→ Exercise directions: Everything from the line holding "view. Close-up Broken" to the last line of the material below must be retyped exactly, minus any pictures.

[Given material Boundary: Start]

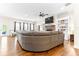 The living room features a large sectional couch, ceiling fan, and a view to the backyard at 953 Auburn Rd, Dacula, GA 30019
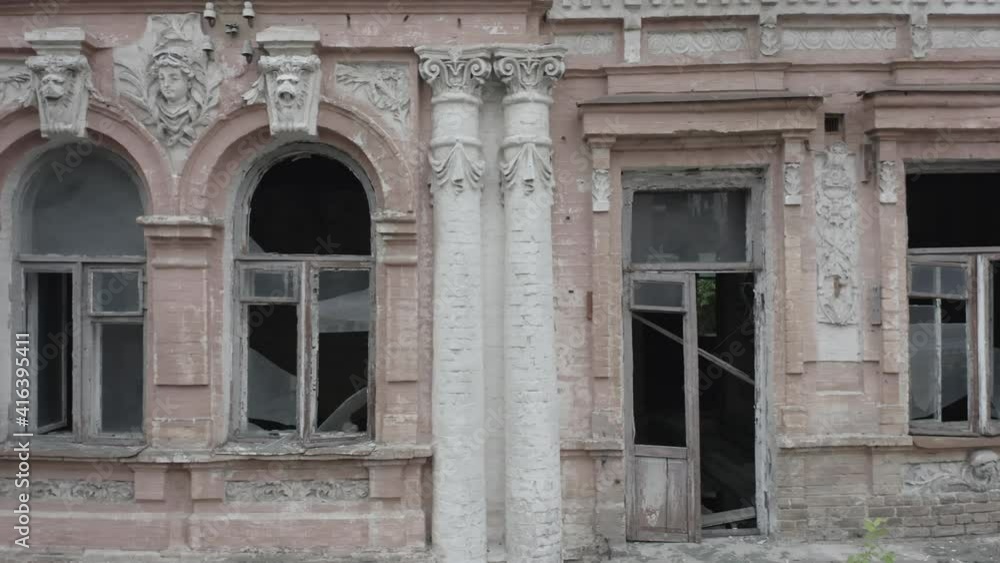 Broken windows of an abandoned old manor (mansion) house in the neoclassical style with an abundance of decor. Deserted building of the 19th century. Shot in log profile. Aerial side view. Close-up Broken windows of an abandoned old manor (mansion) house in the neoclassical style with an abundance of decor. Deserted building of the 19th century. Shot in log profile. Aerial side view. Close-up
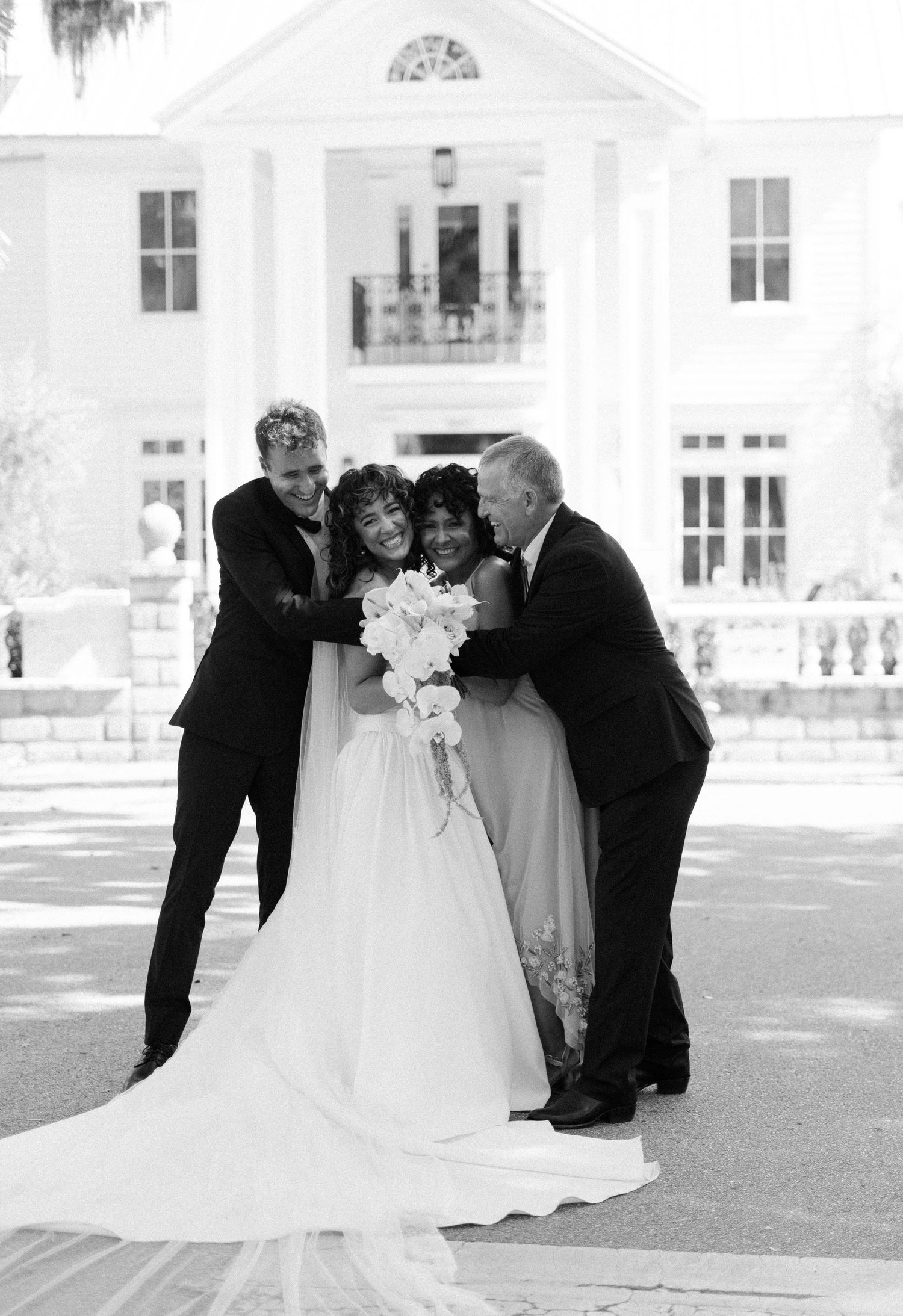 A black and white photo capturing a touching wedding moment with the bride in a flowing white gown outside a grand mansion.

[Given material Boundary: End]

→ Finished exercise:
 Broken windows of an abandoned old manor (mansion) house in the neoclassical style with an abundance of decor. Deserted building of the 19th century. Shot in log profile. Aerial side view. Close-up Broken windows of an abandoned old manor (mansion) house in the neoclassical style with an abundance of decor. Deserted building of the 19th century. Shot in log profile. Aerial side view. Close-up
 A black and white photo capturing a touching wedding moment with the bride in a flowing white gown outside a grand mansion.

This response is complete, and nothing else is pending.